He who Eders, wins

I don’t think it is a phrase you hear tous les jours but ‘the tournament gets the final it deserves’ seems appropriate after last night’s underwhelming game. Much like the tournament itself it was average fare; you weren’t on the edge of your seat and just as the occasional tantalising amuse bouche of footballling skill and daring would pique your interest, it was momentary and you were back to school dinner stodge football.

That is not to decry Portugal’s success. They have been tenacious and resolute, well managed by the wily old (cliché alert) Fernando Santos, although it would be a step far to agree with the actor…sorry defender Pepe’s description of the team, “That’s what the Portugese are about: humility, work, overcoming hardship.” It’s true; rolling around on the floor like you have been run over by a herd of raging wildebeest (very common in European football stadiums I hear) when actually no one really touched you has always been my definition of humility.

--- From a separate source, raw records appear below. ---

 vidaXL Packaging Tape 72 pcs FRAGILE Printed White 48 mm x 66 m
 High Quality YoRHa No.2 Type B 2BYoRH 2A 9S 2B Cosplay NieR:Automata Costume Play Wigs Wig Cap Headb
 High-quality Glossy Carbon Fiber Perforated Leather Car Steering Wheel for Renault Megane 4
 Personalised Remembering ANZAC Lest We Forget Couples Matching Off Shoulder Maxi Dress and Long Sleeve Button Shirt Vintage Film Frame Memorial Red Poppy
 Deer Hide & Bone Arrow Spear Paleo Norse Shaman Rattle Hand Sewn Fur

And all this without the other, slightly prettier Pantomime Villain that is Cristiano Ronaldo who limped off, distraught after 25 minutes. Much as je n’aime pas la Cristiano he did go up in my estimation as he ignored the HUGE moth that landed on his head when he was lying injured. My leg could have been hanging off and if a moth landed sur ma tete I would be leaping up and down shouting, “Getitoff Getitoff Getitoff!!!!!!” like the big brave TLF that I am.

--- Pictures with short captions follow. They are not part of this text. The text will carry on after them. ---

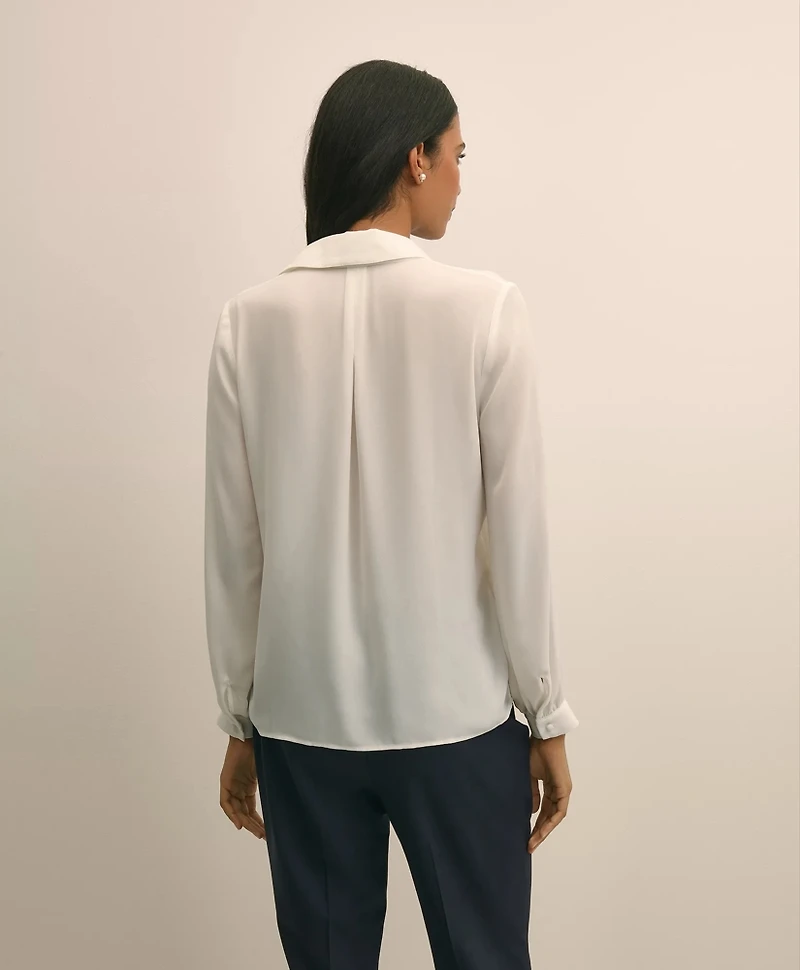 Crepe Open V-Neck Blouse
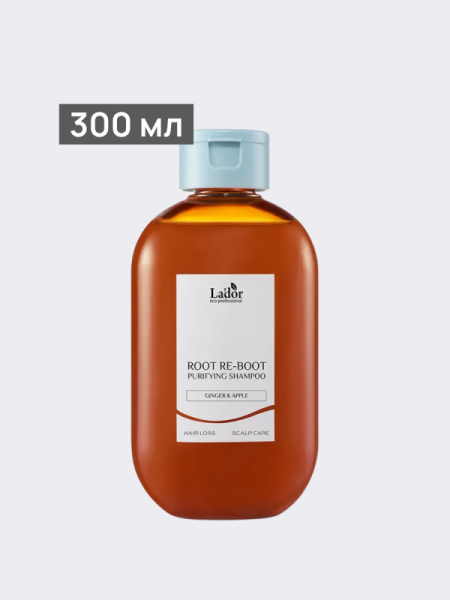 Очищающий шампунь для волос с экстрактом женьшеня и яблока La’dor Root Re-Boot Purifying Shampoo Ginger & Apple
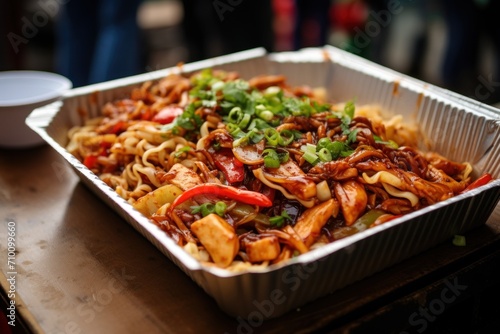 Chinese noodles with chicken and vegetables in cardboard box on table in street eatery, concept fast take-away street food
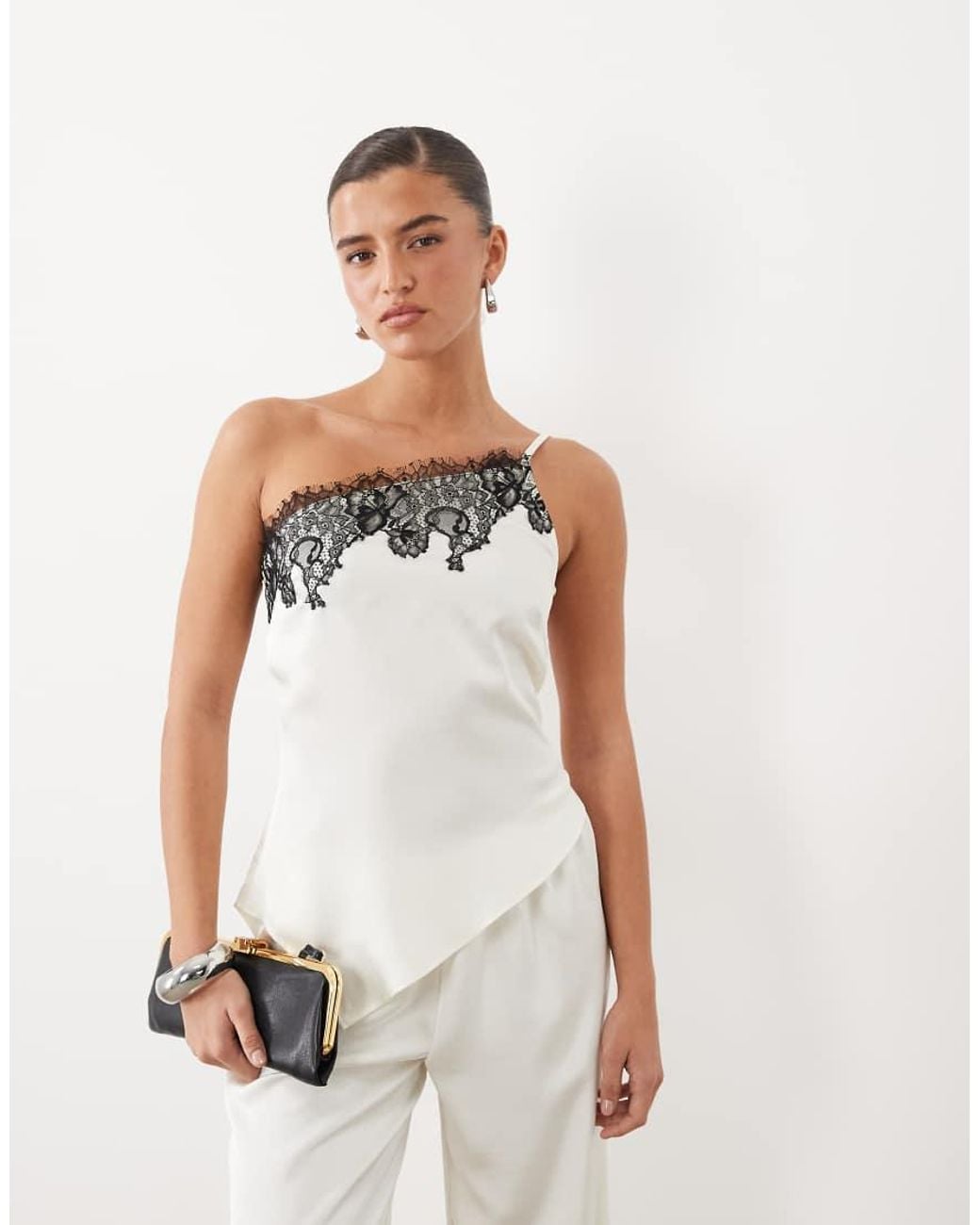 The Frolic White Satin Lace Trim Asymmetric Hem Top Set
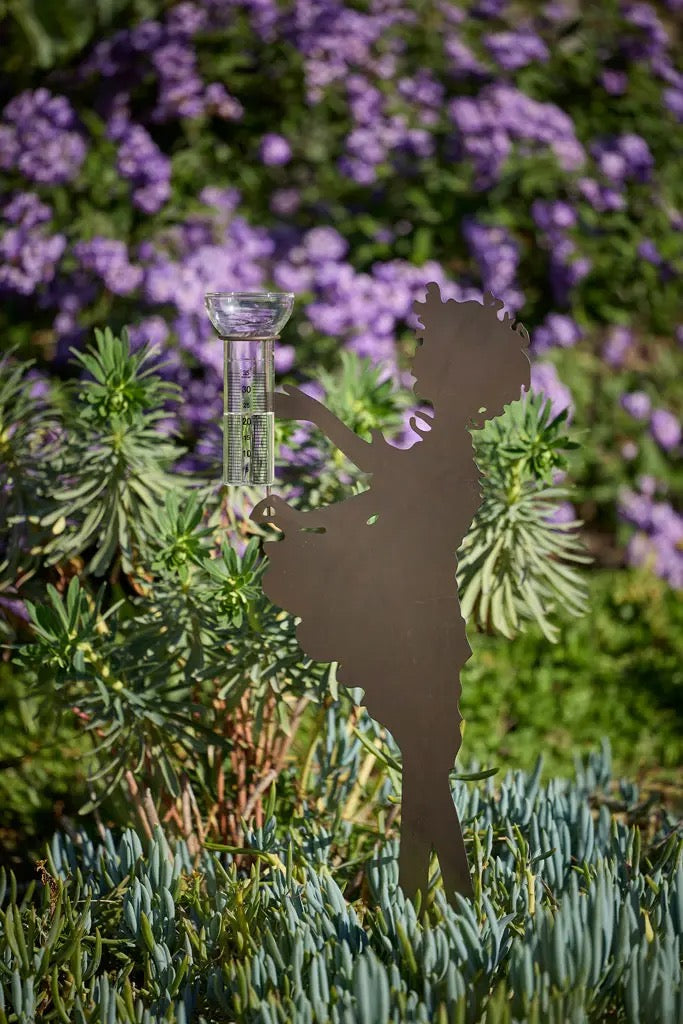 Rusty Boy/Girl Rain Gauge Set of 2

France were unable to take advantage of CR’s grand depart, having left their inventiveness and creativity on the team coach. And then Portugal did to France what Greece did to them 12 years ago, squeezed the space and were relentless. The aforementioned Pepe might be un peu of a d1ck but he did his defensive duties superbly. Winning was a step too far for France and perhaps a relief to the rest of us – safe in the knowledge that there would no further recycling of the weekend’s press coverage which see-sawed between the “victory-will-help-heal-this –country-still-in-shock” line and the “ people-who-say-victory-will-help-heal-this –country-still-in-shock-are-kidding-themselves-it’s-only-football.” Face it, sport can unite people for a moment, but big tournament wins are fleeting in their impact. (SEE I am doing it now!)

I would suggest for a future tournament that France consider adding yellow spots to their white change strip. If only so that we could all sing “He wore an itsy bitsy teeny-weeny yellow polka dot Matuidi.” Sorry that’s been in my head since the first game all those weeks ago.

Eh bien, nous sommes fini. Temps pour la tableau mural to come off the wall, to put the tournament T-shirts in the wash and relinquish control of the television scheduling Chez TLF.

It hasn’t been something to always ecrire home about admittedly; for TLF too many teams and too many jours de repose. Ingurland were a predictable disappointment, led (I use the word loosely)by the highest paid coach in the tournament, whose main tactics seemed to be to employ rien de tactic and play to his players’ weaknesses as often as possible.

The other home nations were an utter joy – some great perfomances and fans who seemed to realise that it is not essential to spend the hours between football matches chanting about past conflicts that are nothing to do with football and where a lot of people died.

Every tournament needs its ‘everyone’s favourite second team’ and Iceland stepped up beardfully to the plate. From really annoying Ronaldo in their obstinacy to let him score to their humiliation of Ingurland they kept the interest up and fair play to Alyson Rudd and a couple of other Times colleagues who predicted that the men from the fijords would be the surprise package of the tournmanet.

This year’s tournament mascot,’Super Victor’ was noticeably absent at all times (apart from on offical over-priced UEFA tat), whether this has anything to do with the fact that Super Victor is the name of a best selling sex toy in America, I couldn’t say.

Being in France was, of course the icing sur la gateau pour TLF. Not quite the chilled out, informal, footballing vacance that was in TLF’s petite tete when booking those tickets two years ago but that’s the way of the world these days. Lens was an utter blast and while they were rubbish on and off the pitch, hearing Russia’s national anthem belted out in Lille’s stadium, with the roof closed was spine-tingling.

Financially things are even – Mr Jennings probably just edged it but TLF’s victorie in la sweep de stake has bought things back into the black.

Time for TLF to get sur sa bicyclette and stop this self-inflicted torture of a blog a day ; doesn’t have the same effect as une pomme per jour I can tell you. Normal service will be resumed in August.

A bientot!

Non je ne regrette rien
Edith Fox

Resultat – La finale
France 0 Portugal 1 (aet)

Malcolm and TLF en Lille, suitably refreshed.

Malcolm and TLF en Lille, suitably refreshed.